Enormous efforts have been made in recent years to discourage children from taking up the habit of cigarette smoking. Educat-ional programmes and other methods to raise awareness of the dangers of smoking among children have proliferated, and rightly so.

The ban on cigarette advertising, the legal insistence on prominent health messages on packets and the forcing up of prices to around £6 for a packet of 20 have all played their part in helping to reduce levels of smoking in society generally but especially among children.

Those efforts are seriously undermined when profit-chasing shopkeepers cynically sink to the depths of selling individual cigarettes to minors. To do so is illegal and can only be pursued for the most sordid of motives – profiteering (cigarettes priced at 40p each means £8 a packet and a substantial extra profit for the offending retailer) and encouraging addiction with the hope of creating future customers.

Smoking kills.
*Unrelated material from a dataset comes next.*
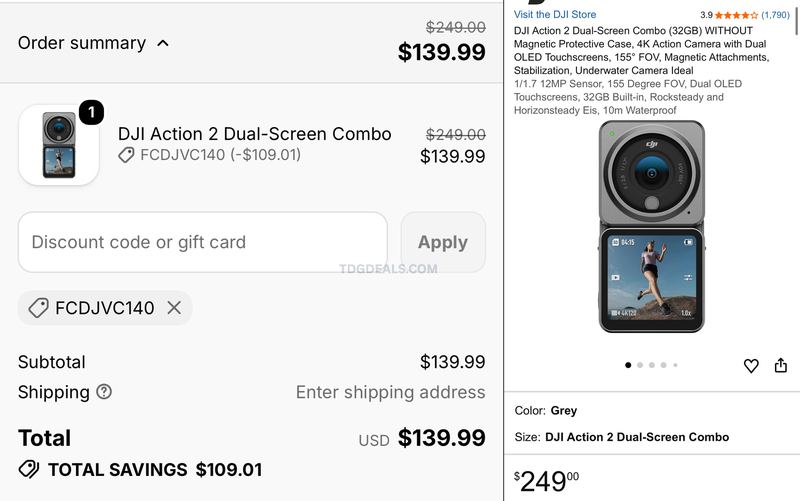 DJI ACTION 2 DUAL-SCREEN COMBO — $139.99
Smoking as a child risks embedding a lethal addiction at an age that is almost guaranteed to lead to fatal consequences. So selling children individual cigarettes is tantamount to drug dealing as well as child abuse.

Rather than a fine or the threat of sanctions, perhaps the time has come for those who flout the law and abuse the efforts of so many concerned agencies and individuals, to be dealt with accordingly? The threat of a mandatory prison sentence could prove to be a better deterrent.